§ Information given:
====

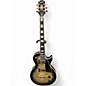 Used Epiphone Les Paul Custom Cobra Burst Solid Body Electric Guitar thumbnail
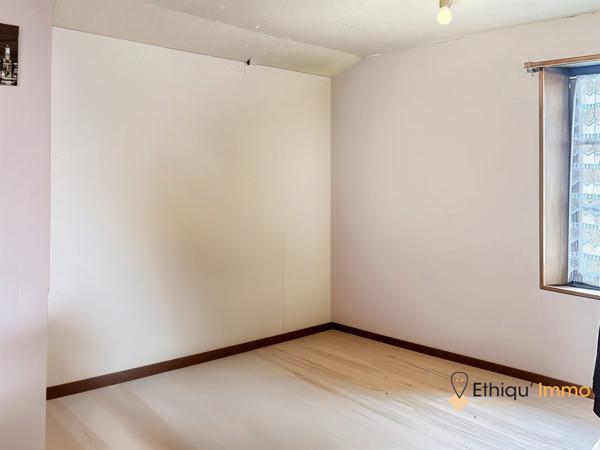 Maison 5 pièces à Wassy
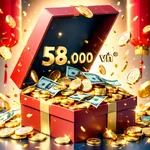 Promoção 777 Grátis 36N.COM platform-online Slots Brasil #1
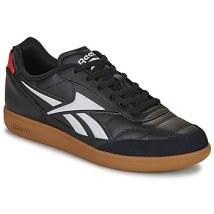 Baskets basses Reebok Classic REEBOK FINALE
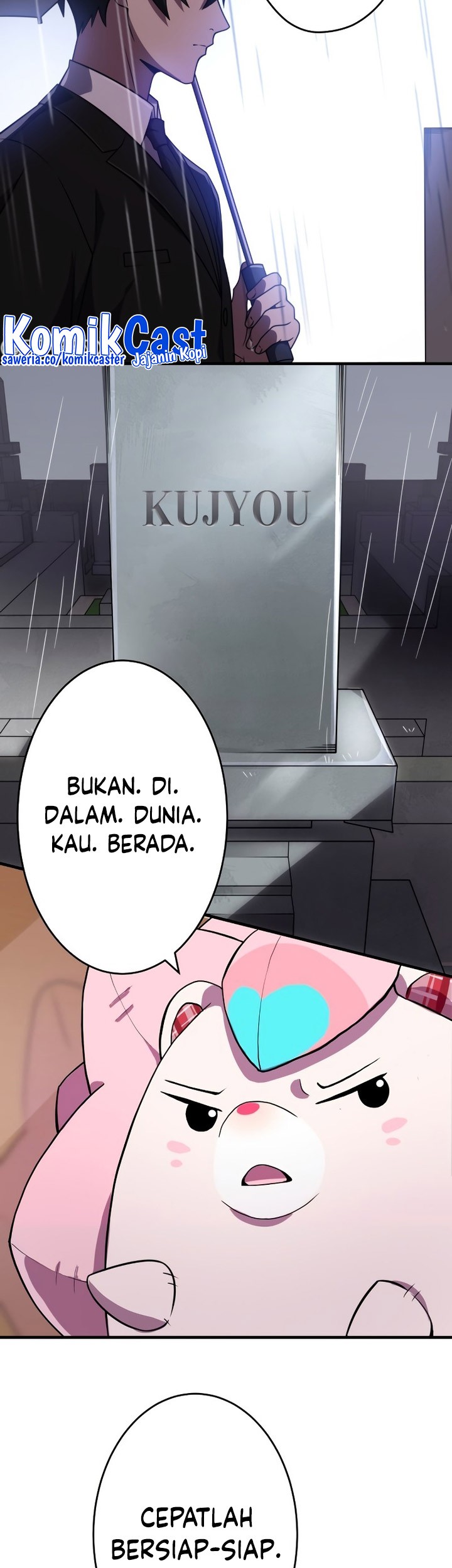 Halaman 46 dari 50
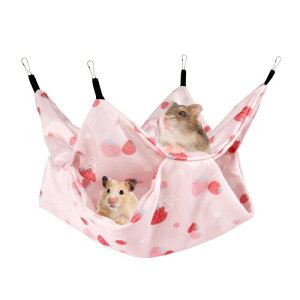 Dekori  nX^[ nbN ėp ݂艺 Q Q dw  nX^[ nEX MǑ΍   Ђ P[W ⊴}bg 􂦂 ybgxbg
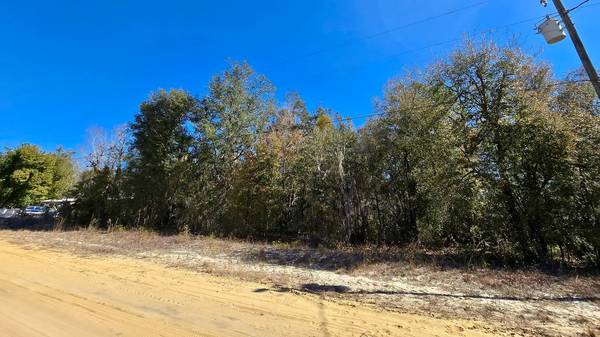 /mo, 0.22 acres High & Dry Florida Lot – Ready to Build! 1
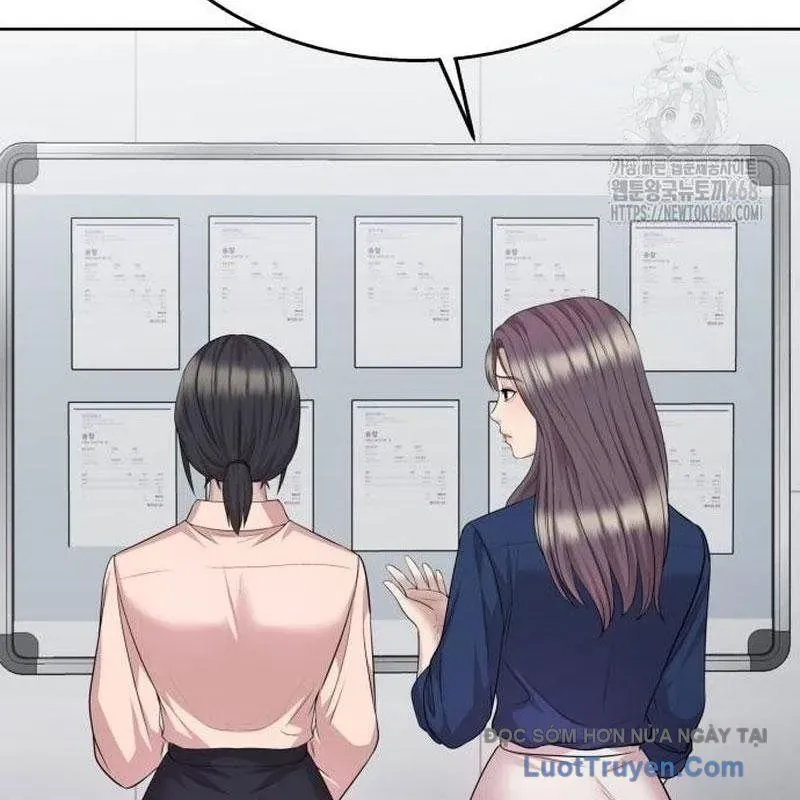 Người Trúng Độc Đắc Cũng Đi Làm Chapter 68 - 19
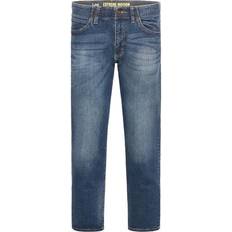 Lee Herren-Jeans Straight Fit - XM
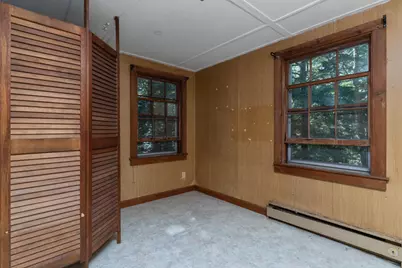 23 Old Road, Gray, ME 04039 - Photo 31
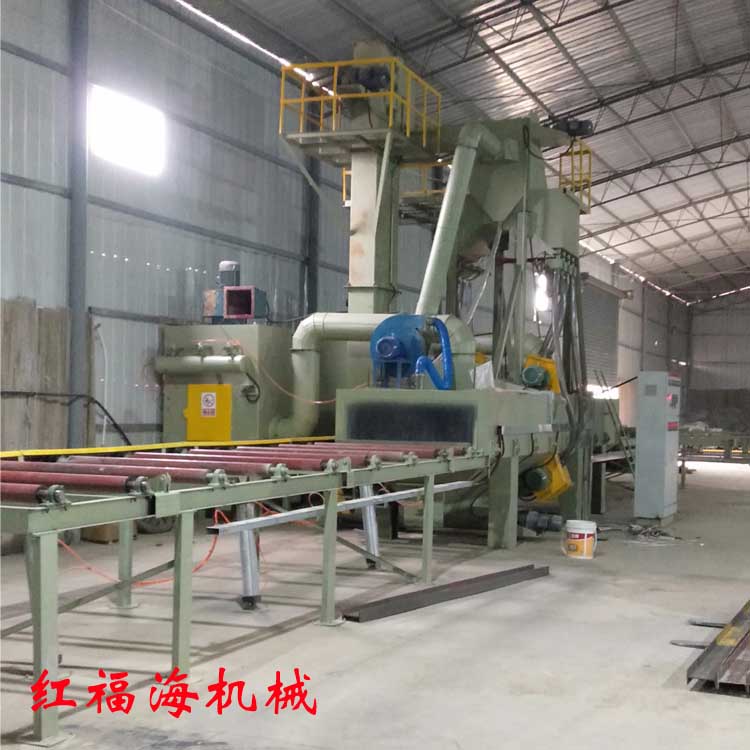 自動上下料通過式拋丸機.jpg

====

§ What the exercise asks: Before copying the data, remove the pictures. Then repeat the rest exactly.

§ Task output:
 Used Epiphone Les Paul Custom Cobra Burst Solid Body Electric Guitar thumbnail
 Maison 5 pièces à Wassy
 Promoção 777 Grátis 36N.COM platform-online Slots Brasil #1
 Baskets basses Reebok Classic REEBOK FINALE
 Halaman 46 dari 50
 Dekori  nX^[ nbN ėp ݂艺 Q Q dw  nX^[ nEX MǑ΍   Ђ P[W ⊴}bg 􂦂 ybgxbg
 /mo, 0.22 acres High & Dry Florida Lot – Ready to Build! 1
 Người Trúng Độc Đắc Cũng Đi Làm Chapter 68 - 19
 Lee Herren-Jeans Straight Fit - XM
 23 Old Road, Gray, ME 04039 - Photo 31
 自動上下料通過式拋丸機.jpg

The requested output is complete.